■ RECORD EXCERPTS:

◆ ◆ ◆ ◆ ◆ ◆ ◆

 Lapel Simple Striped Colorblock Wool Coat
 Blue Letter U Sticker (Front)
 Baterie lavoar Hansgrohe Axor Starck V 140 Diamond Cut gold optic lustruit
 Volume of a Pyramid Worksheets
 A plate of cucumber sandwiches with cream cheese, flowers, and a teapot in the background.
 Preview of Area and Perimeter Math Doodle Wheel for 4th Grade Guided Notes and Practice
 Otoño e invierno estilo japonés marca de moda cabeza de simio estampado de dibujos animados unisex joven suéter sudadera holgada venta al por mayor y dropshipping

◆ ◆ ◆ ◆ ◆ ◆ ◆

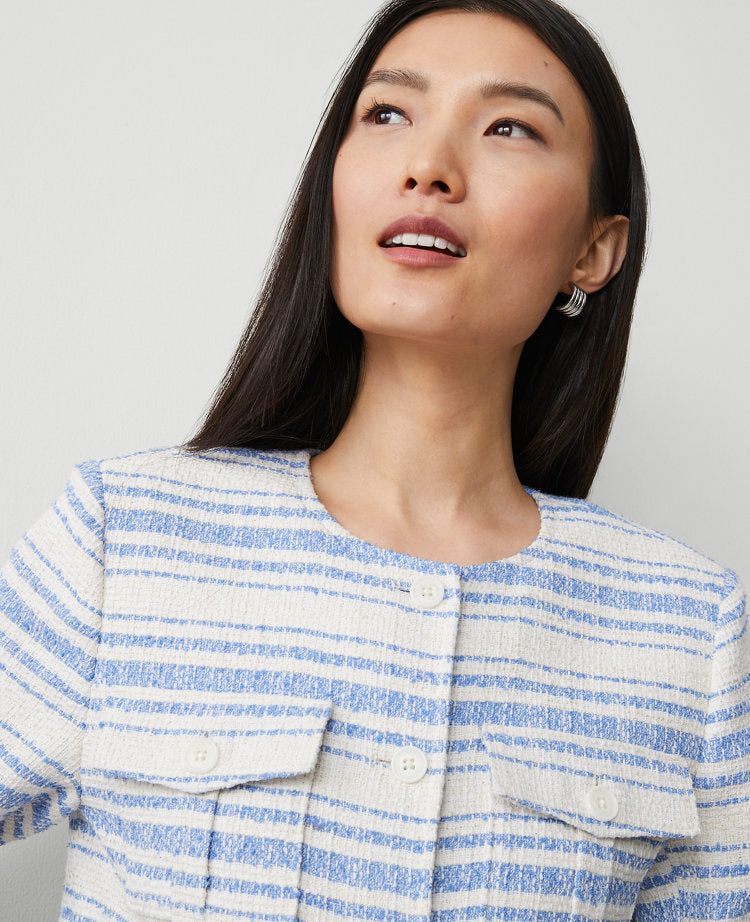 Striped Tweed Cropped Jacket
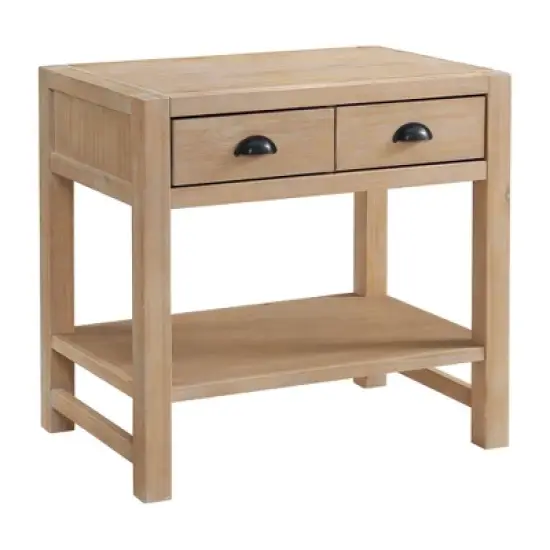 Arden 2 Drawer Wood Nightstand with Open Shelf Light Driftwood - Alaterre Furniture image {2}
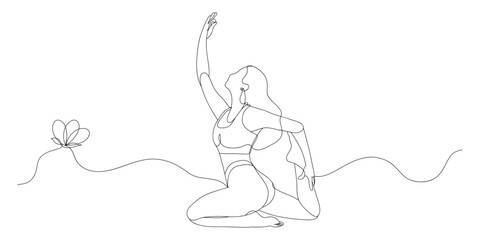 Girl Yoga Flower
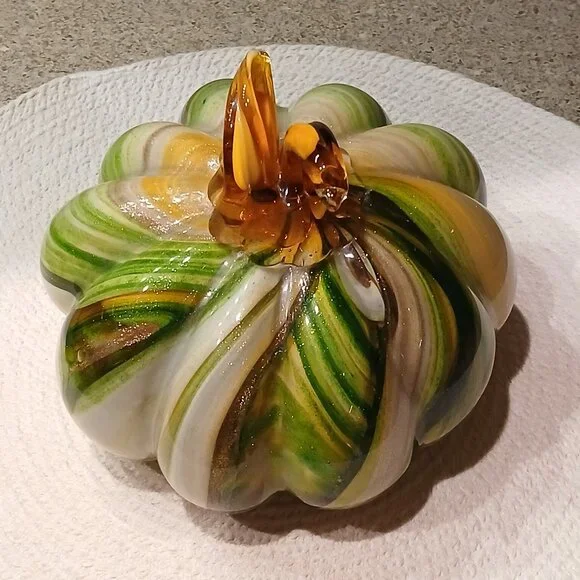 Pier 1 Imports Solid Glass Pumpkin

◆ ◆ ◆ ◆ ◆ ◆ ◆

■ WHAT YOU WILL DO:
An exact copy of the lines above, from the one containing "Preview of Area" through the one containing "Otoño e invierno", is the whole of the answer.

■ SOLUTION TO THIS TASK:
 Preview of Area and Perimeter Math Doodle Wheel for 4th Grade Guided Notes and Practice
 Otoño e invierno estilo japonés marca de moda cabeza de simio estampado de dibujos animados unisex joven suéter sudadera holgada venta al por mayor y dropshipping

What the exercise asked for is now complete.